Retired NASA Astronaut to Head First Private Mission on SpaceX Crew Dragon

Michael Lopez-Alegria is slated to command SpaceX’s first private spaceflight on the Crew Dragon. The mission will apparently occur in late 2021 or early 2022, according to tweets from Michael Lopez-Alegria and Axiom Space, which has contracted with SpaceX for the flight. The mission will fly a total of four astronauts on an as-yet-unspecified mission.

Michael Lopez-Alegria previously served on four space missions for NASA, including acting as a mission specialist on three space shuttle missions. STS-73 carried the United States Microgravity Laboratory on the Space Shuttle Columbia, which conducted a series of scientific experiments in the fields of materials science, biotechnology, combustion science, and the physics of fluids. STS-92 and STS-113 delivered important hardware for installation on the International Space Station.

He also commanded Expedition 14 on the International Space Station from September 18, 2006 to April 21, 2007. During his missions, he set records for total number of spacewalks and the total amount of time spent on spacewalks. He currently works with Axiom Space as a consultant.

Details of the planned mission for Axiom are somewhat scanty, but will reuse the Crew Dragon that is currently in use for NASA’s Crew-1 mission.
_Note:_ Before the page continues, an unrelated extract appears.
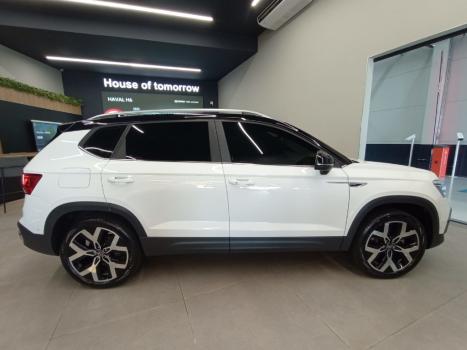 VOLKSWAGEN Taos 1.4 16V 4P FLEX 250 TSI HIGHLINE AUTOMTICO, Foto 4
The Crew Dragon will remain docked to the International Space Station until May 2021. Its condition is being carefully monitored to ensure a safe reentry when its mission is over.
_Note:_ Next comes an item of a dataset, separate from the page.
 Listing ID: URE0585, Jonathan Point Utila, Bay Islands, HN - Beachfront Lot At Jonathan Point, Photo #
The Crew Dragon that is currently in use features several upgrades made possible by analysis of the similar spacecraft used for NASA’s Demo-2 mission, which was officially regarded as the final test mission for the Crew Dragon before NASA declared it operational. Most notably, the heat shield that protects the spacecraft from the heat of reentry was strengthened in areas where the Demo-2 spacecraft showed a greater than expected amount of wear and tear.

NASA also made modifications to its procedures, including adjustments of its weather rules and the addressing of a lapse that allowed privately owned boats to get closer than was safe during the recovery of the Demo-2 spacecraft.

The Crew Dragon is the first fully operational spacecraft for NASA’s Commercial Crew program, which partners with private organizations like SpaceX more closely than NASA has in the past. Unlike previous programs like the Space Shuttle, NASA does not own the spacecraft that it uses. It pays for rides instead and SpaceX can then reuse the hardware for private missions like Axiom’s.

Axiom has said that it will release more details of its planned mission soon. Some have speculated that it will spend a week or two in LEO with a mission plan that could resemble some of the Mercury and Gemini missions, which established some important concepts such as rendezvous and docking procedures that proved critical for the Apollo lunar landings.